優駿(上)、優駿(下)

馬よりもむしろ競走馬に魅せられた人たちの欲望が渦巻いたお話です。章毎に主要な登場人物が入れ替わりますが、最初に出てきた馬や牧場の青年を中心に話が進むかと思ったら、途中かなり放置されてびっくり。特に馬は登場人物をつなぐかぎですが、馬自体は1/3ぐらいしか出てこないので、馬好きの自分にとっては少し残念。周囲の人間のどろどろ話に結構ページを使っていて、別に競馬の話にしなくてもなあ、と思ったり。ただ、そうはいっても最後はきれいにまとまってはいます。
いきなり不満ばっかりでしたが、主役の馬(オラシオン)とオラシオン主戦ジョッキーのかつてのお手馬(ミラクルバード)の皐月賞のシーンはハラハラドキドキでした。ミラクルバードの皐月賞は衝撃でした。個人的にはミラクルバードの方が好きです(馬主含め)。それ以外もサラブレッドの3大始祖などきちんと調べている点は好感がもてます。


最後に好きな文章を引用します。

生き物はみなそれぞれに美しい。
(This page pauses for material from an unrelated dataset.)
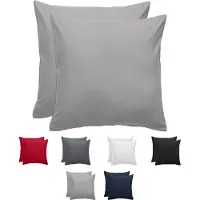 Komfortec Set van 2 Premium Kussenslopen 80x80 cm - Superzachte Kussenhoes – 100% - Geborsteld Polyester - 90g/m²- Grijs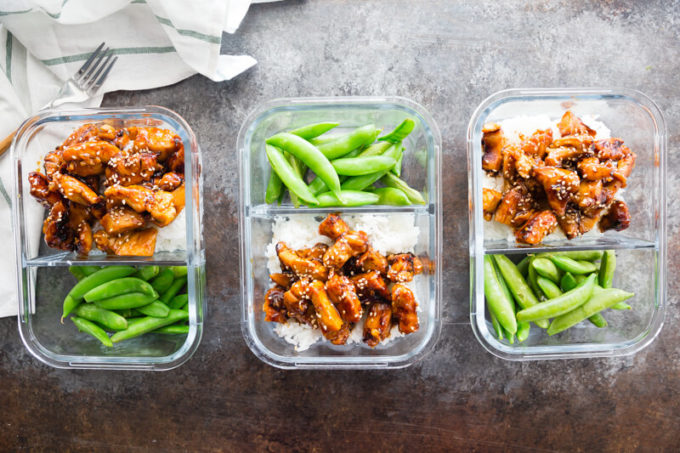 Meal prep chicken- easy make ahead lunches for ginger orange chicken meal prep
だが人為的に作り出されてきた生き物だけが持つ不思議な美しさというものが確かにある。サラブレッドの美しさが、その底に、ある哀しみに似たものをたたえているのは、他のいかなる生き物よりも過酷な人智による淘汰と、その人智だけでは到底知ることのできない生命の法則との対立によって生み出されてきたからなのだ。